Lo sport USA nasce da Leghe che creano franchigie, quello europeo da club che si associano in Leghe.
Questo va fatto banalmente per una ragione: il sindacalismo USA ha successo perché parla con il suo interlocutore principale (le Leghe) mentre quello Europeo nemmeno ha ben chiaro chi siano le controparti essendo le leghe una pura somma di club, troppo deboli per farsi sentire, ed i club forti della loro eterogeneità e disinteressati in questo frangente ad essere qualcosa di diverso.

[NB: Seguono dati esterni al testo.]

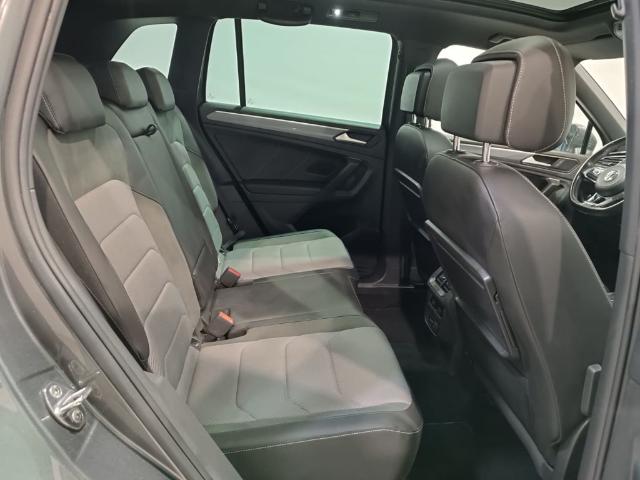Volkswagen Tiguan Sport 2.0 TDI 110 kW (150 CV) DSG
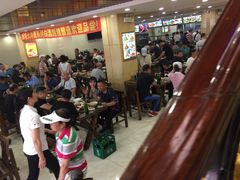 等位区-西塔大冷面(市府大路店)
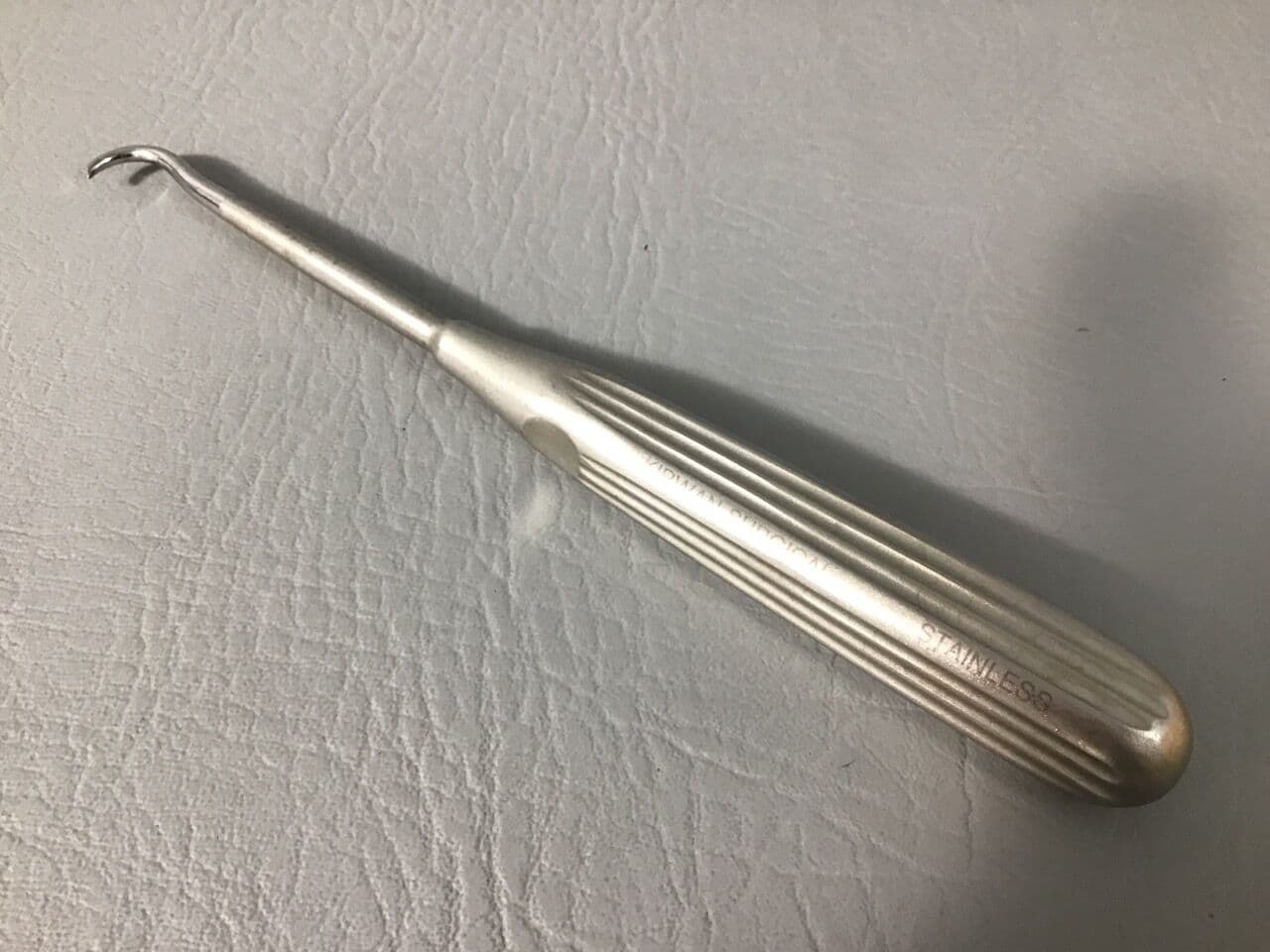 For Sale KIRWAN 50-1004 Bankhart Curved Awl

Secondo Mitchell la situazione attuale dello sport ricorda l'economia-società degli anni '70.
Alla fine del boom economico postbellico, i lavoratori in tutta Europa e America chiedevano più soldi (per compensare l'aumento dei prezzi) e scioperavano per proteggere posti di lavoro persi a causa della tecnologia e di paesi emergenti più economici. Le persone erano pessimiste, e le guerre per procura si intensificarono mentre le superpotenze ringhiavano l'una contro l'altra.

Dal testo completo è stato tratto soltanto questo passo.